The 86 presidents and 36 prime ministers scheduled to meet Tuesday will have one day to debate the issue during four roundtable sessions.

The summit is being billed as an effort to inject political momentum into the negotiations and marks the beginning of what many believe is a make-or-break autumn for efforts to reach that elusive global agreement.

Leaders of the Group of 20 (G20) nations will consider how to finance efforts to stop global warming at their own two-day summit beginning Thursday in Pittsburgh, Pennsylvania. There are then two more rounds of climate negotiations before Copenhagen: In Bangkok from September 28 to October 9 and in Barcelona from November 2-6.

UN Secretary General Ban Ki-moon has admitted that the slow pace of talks is a "matter of concern." He said leaders should this week issue their "marching order" to negotiating teams "to accelerate progress towards a fair, effective, comprehensive and scientifically ambitious global climate agreement."

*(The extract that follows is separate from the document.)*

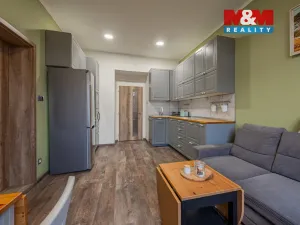 Pronájem bytu 3+kk, Praha - Libeň, Sokolovská, 61 m2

The UN is banking on Obama to make Copenhagen a success. The US president has given strong support to the UN, particularly on climate change issues and nuclear disarmament. If the US takes the lead in climate change, the UN says Copenhagen could end in success.

That is a tall order. Legislation to curb emissions of greenhouse gases has stalled in the US Senate, and some leading lawmakers have suggested a bill might have to wait until next year. That could tie Obama's hands at the Copenhagen summit: He will not want to agree to anything unless convinced that Congress will back him up.

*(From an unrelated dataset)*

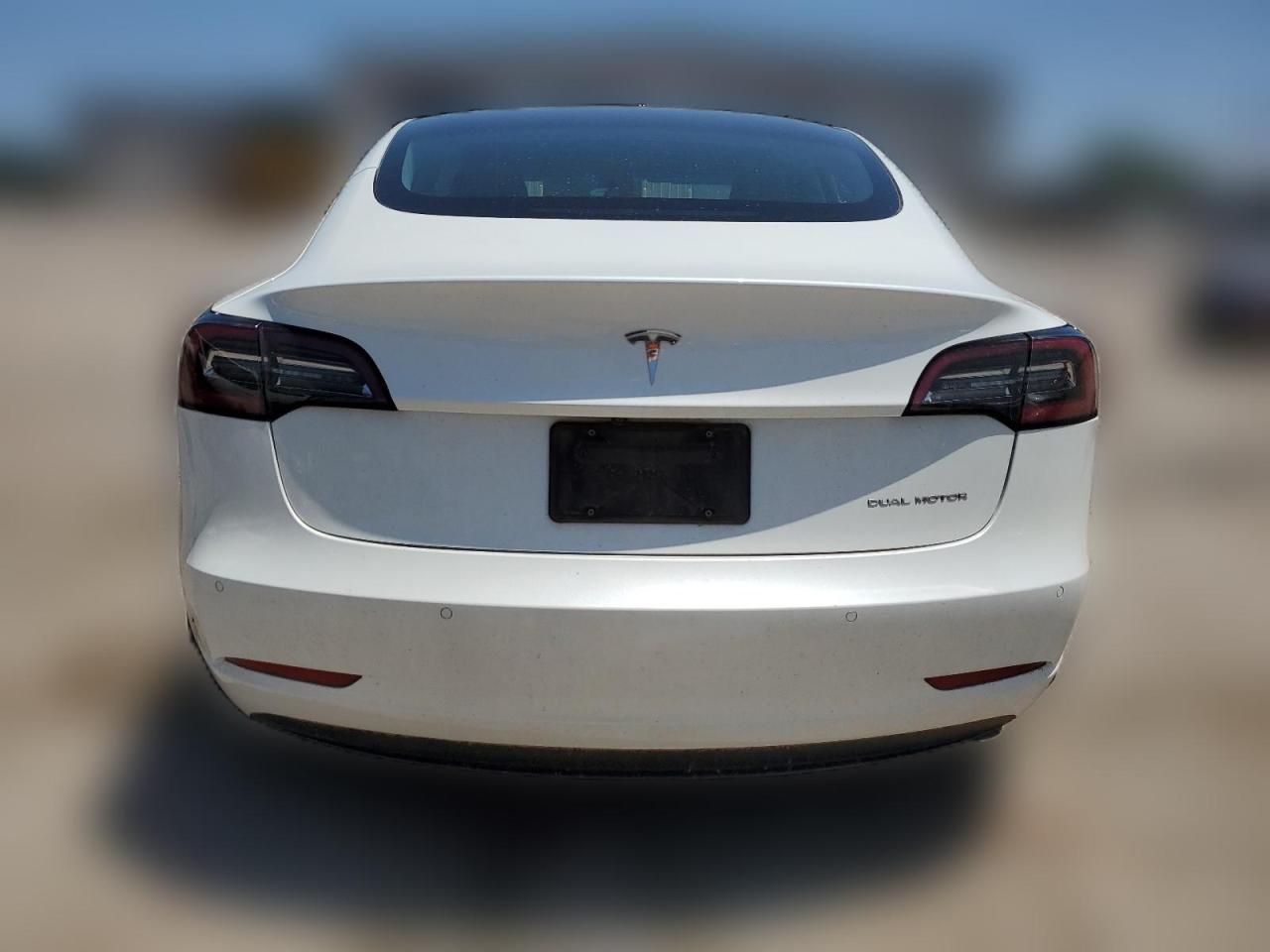 2022 TESLA MODEL 3  VIN:5YJ3E1EB1NF178961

"It certainly has been and continues to be a real uphill struggle," said Jonathan Lash, president of the Washington-based World Resources Institute. "The (US) administration has begun to lower expectations for Copenhagen."

Scientists have a major role in convincing politicians to act before atmospheric temperatures will become hotter, causing irreversible damage to the world's ecosystem.

Cutting down greenhouse gas emissions blamed for climate change has been a relentless message, but getting down to levels demanded by scientists has divided rich and poor countries and set politicians against each other.

The poor accuse industrial nations of causing global warming and argue it is unthinkable for them to jeopardize their emerging economies by meeting the rich nations' demands for stronger action.

Thorny issues include sharing of clean energy technology, what kind of targets countries should be given on lowering their emissions, and how much financial support rich countries are prepared to give developing countries to help them combat the climate crisis.

"Clearly, the road is rough ahead," Susan Rice, the US ambassador to the United Nations, told reporters last week. "I don't think anybody comes with any illusions."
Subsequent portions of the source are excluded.